Ensemble Machine Learning to “Boost” Ubiquitination-sites Prediction
Author(s): Xiaoye Mo, Xia Jiang
Ubiquitination-site prediction is an important task because ubiquitination is a critical regulatory function for many biological processes such as proteasome degradation, DNA repair and transcription, signal transduction, endocytoses, and sorting. However, the highly dynamic and reversible nature of ubiquitination makes it difficult to experimentally identify specific ubiquitination sites. In this paper, we explore the possibility of improving the prediction of ubiquitination sites using ensemble machine learning methods including Random Forest (RF), Adaptive Boosting (ADB), Gradient Boosting (GB), and eXtreme Gradient Boosting (XGB).
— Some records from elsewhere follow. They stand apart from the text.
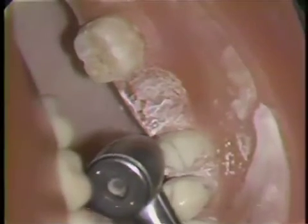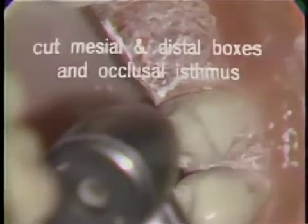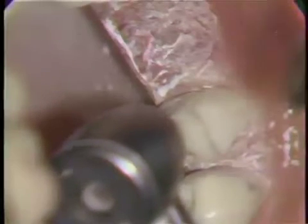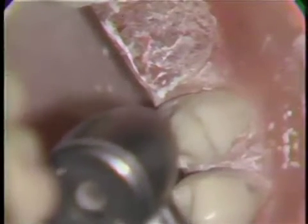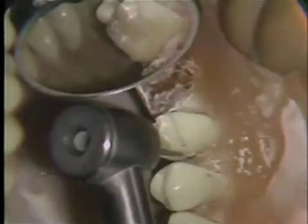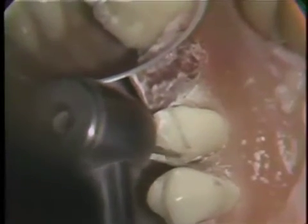The next step is to place the distal box on the bicuspid, using the mesial box on the molar as a guide for parallelism. The distal box is prepared with a 170 carbide burr. The mesial box is placed parallel to the distal box of the bicuspid and the mesial box of the molar, taking care not to extend it too far to the buccal surface. You'll note that the carbide burr is pendulated in order to give adequate width to the box.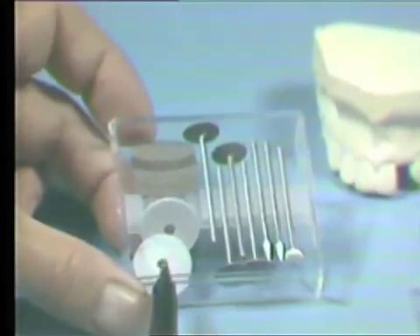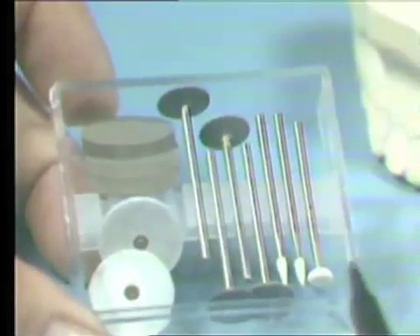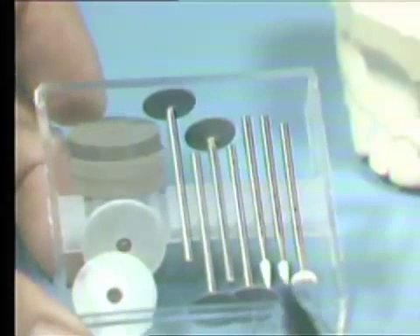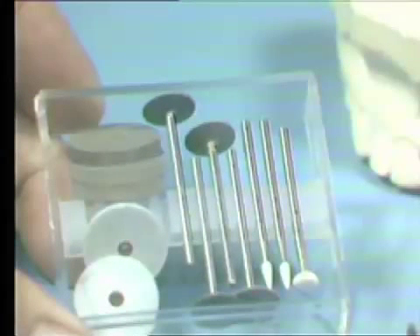In the custom porcelain polishing kit, there are two large green stones for gross reduction of the ceramic veneer. The series of small white stones consists of one biscuit shape and two pointed stones. We use these for the subtle details, the incisal edge, and surface contouring.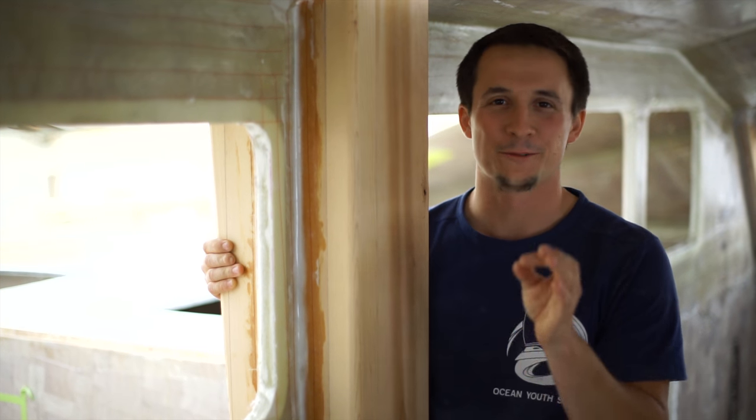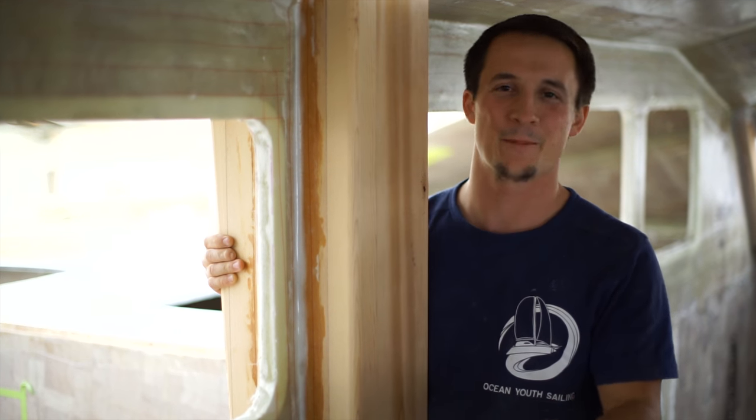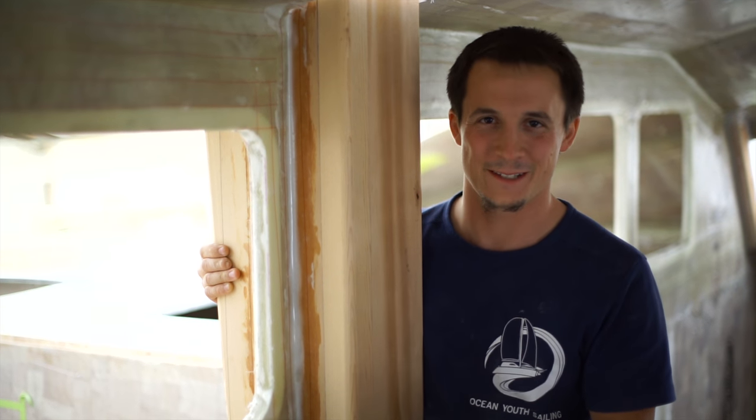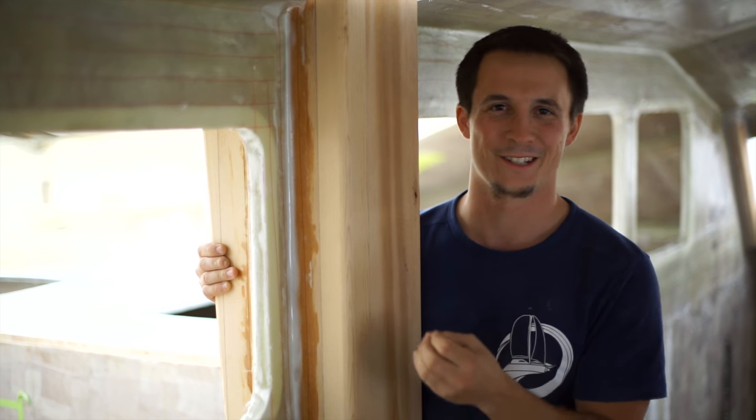The most beautiful thing about working on this compression post is the smell of the wood, because normally you always end up mixing epoxy, smelling epoxy and glass fiber while sanding, or just paint in the air. To smell actual wood when cutting is just amazing.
By doing grid search with the 4 ensemble methods and 6 comparison non-ensemble learning methods including Naïve Base (NB), Logistic Regression (LR), Decision Trees (DT), Support Vector Machine (SVM), LASSO, and k-Nearest Neighbor (KNN), we find that all the four ensemble methods significantly outperform one or more non-ensemble methods included in this study. XGB outperforms 3 out of the 6 nonensemble methods that we included; ADB and RF both outperform 2 of the 6 non-ensemble methods; GB outperforms one non-ensemble method. Comparing the four ensemble methods among themselves. GB performs the worst; XGB and ADB are very comparable in terms of prediction, but ADB beats XGB by far in terms of both the unit model training time and total running time. Both XGB and ADB tend to do better than RF in terms of prediction, but RF has the shortest unit model training time out of the three. In addition, we notice that ADB tends to outperform XGB when dealing with small-scale datasets, and RF can outperform either ADB or XGB when data are less balanced. Interestingly, we find that SVM, LR, and LASSO, three of the non-ensemble methods included, perform comparably with all the ensemble methods. Based on this study, ensemble is a promising way of significantly improving Ubiquitinationsite prediction using protein segment data.